Storage Instructions
Leftovers can be stored in an airtight container in the refrigerator for up to 3 days. Reheat gently on the stovetop or in the microwave. The flavours actually develop even more overnight!
FAQs
1. What cut of chicken is best for this curry?
Country chicken is ideal, but bone-in, skin-on chicken thighs are a great substitute.
2. Can I use store-bought spice powder instead of grinding my own?
You can, but the flavour won’t be as vibrant. If you do use store-bought, look for high-quality, freshly ground spices.
3. How can I adjust the sourness of the curry?
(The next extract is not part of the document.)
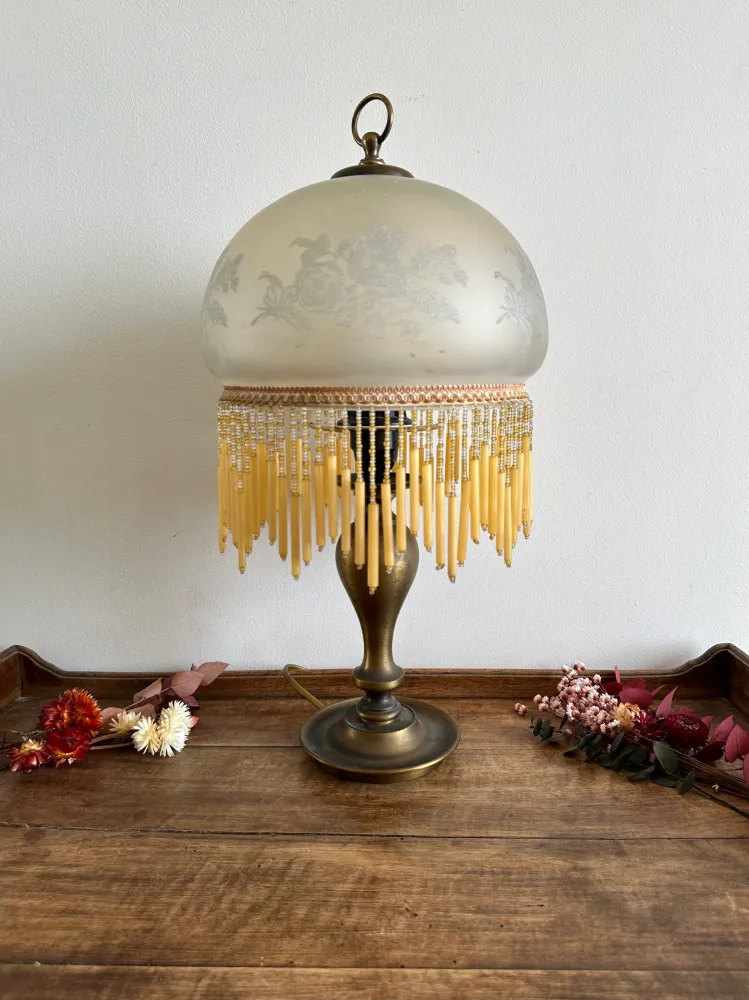 Applique design Lampe style charleston rideau de perle orangé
Add more or less tamarind paste to taste. You can also add a squeeze of lime juice at the end.
4. What is the best way to prepare the fresh coconut?
You can grate it yourself or buy it pre-grated. If grating yourself, use a coconut scraper or a food processor.
5. Can this curry be made ahead of time?
Yes! In fact, it tastes even better the next day.
6. What rice varieties pair best with this Kerala Chicken Curry?
Basmati rice is a classic choice, but any long-grain rice will work well. Red rice is also a popular option in Kerala.